Un guardia desató a Neil y lo condujo al centro del patio mientras otro le arrojaba una espada. Pasó varios minutos estirando sus músculos, alardeando de su fuerza. Paseó y caminó, vociferando y gritando de vez en cuando. Anthony se limitó a permanecer en silencio, ignorando las fanfarronadas, y se concentró en el rostro de su enemigo.

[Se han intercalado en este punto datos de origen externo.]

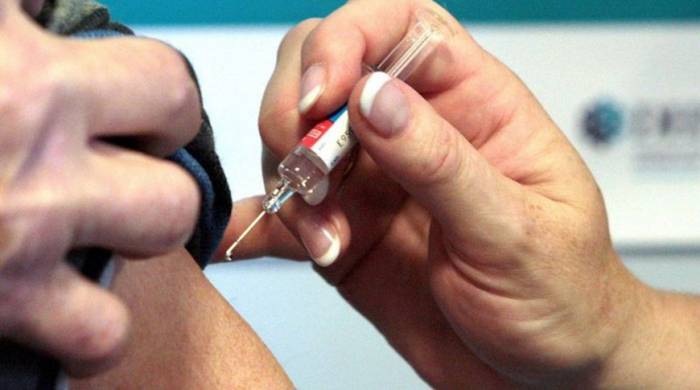 Великобритания одобрила вакцину от коронавируса Pfizer и BioNTech
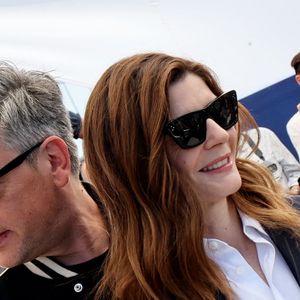 Benjamin Biolay et Chiara Mastroianni - Photocall du film "Marcello Mio" (Compétition) lors du 77ème Festival International du Film de Cannes (14 - 25 mai 2024), le 22 mai 2024. 
© Jacovides / Moreau / Bestimage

Tendría que reunir toda su fuerza y concentración para actuar correctamente. La visión de su Candice atada a una cama a merced de Neil Leagan era algo que tenía que quitarse de la cabeza. Esa visión le haría actuar emocionalmente en lugar de instintivamente. No podía permitirse la emoción en este momento. Su objetivo era esperar a que Leagan se cansara. Todos sus gritos y paseos le estaban costando energía, energía que necesitaría para permanecer en combate con Anthony Andley. Anthony sabía que su fuerza era la paciencia. Sí, necesitaba poder y cierta belleza de ojos verdes alimentaba su poder. Pero la paciencia ganaría esta pelea. No pudo evitar sonreír mientras observaba a Leagan y su bravuconería. Finalmente, dio un paso hacia él.

Los dos hombres se rodearon, midiendo las fortalezas y debilidades del otro. La multitud retrocedió para dejar espacio para la batalla que se avecinaba. Aunque había luchado en numerosas batallas y su reputación como espadachín era legendaria, Anthony sabía que no debía subestimar a su enemigo. Neil Leagan también era un excelente espadachín. Pero cada hombre tenía una debilidad. Estaba bastante seguro de que conocía la debilidad de Leagan. Él ganaría. Leagan también sabía que Candice era su debilidad.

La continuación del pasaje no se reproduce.